• Your task
The answer must consist solely of the lines from the one with "20202349 - Body: Lower" through the last line of the data, copied exactly, with no pictures.

• Given material
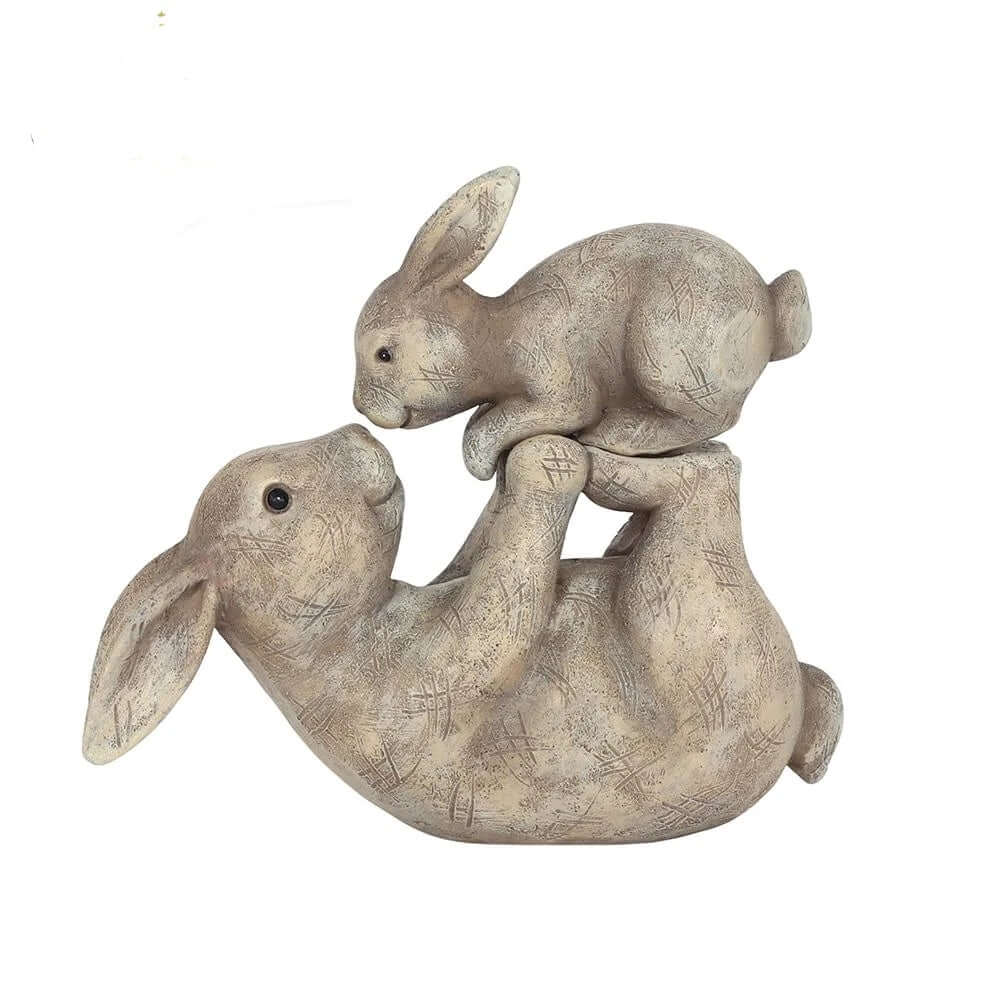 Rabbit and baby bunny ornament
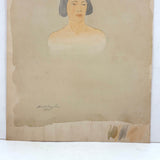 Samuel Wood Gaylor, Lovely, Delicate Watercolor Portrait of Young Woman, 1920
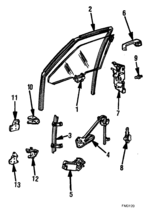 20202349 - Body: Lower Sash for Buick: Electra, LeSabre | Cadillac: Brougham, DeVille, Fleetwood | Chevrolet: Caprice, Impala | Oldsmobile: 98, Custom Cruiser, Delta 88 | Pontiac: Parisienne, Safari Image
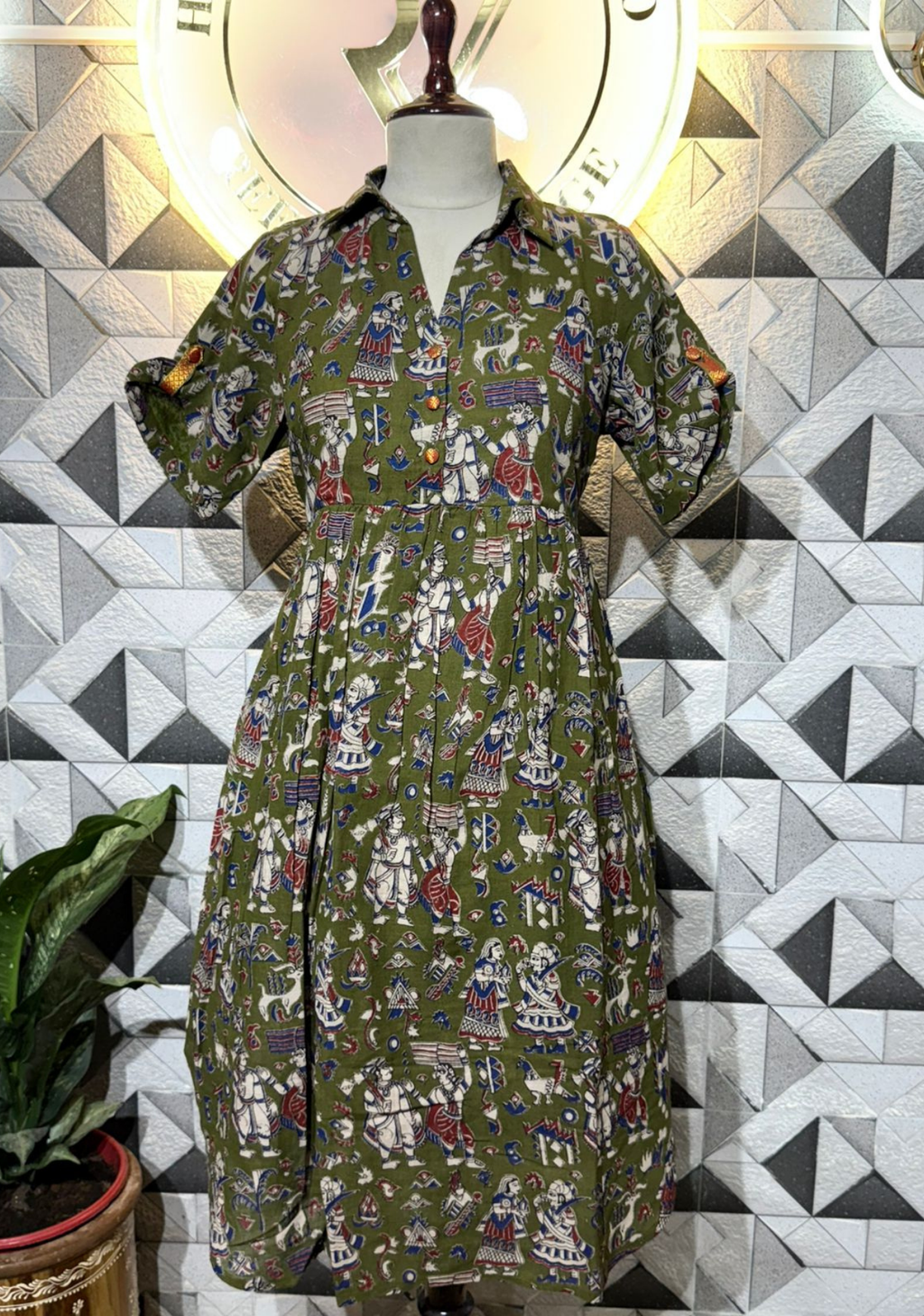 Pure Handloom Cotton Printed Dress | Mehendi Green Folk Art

• Finished exercise
 20202349 - Body: Lower Sash for Buick: Electra, LeSabre | Cadillac: Brougham, DeVille, Fleetwood | Chevrolet: Caprice, Impala | Oldsmobile: 98, Custom Cruiser, Delta 88 | Pontiac: Parisienne, Safari Image
 Pure Handloom Cotton Printed Dress | Mehendi Green Folk Art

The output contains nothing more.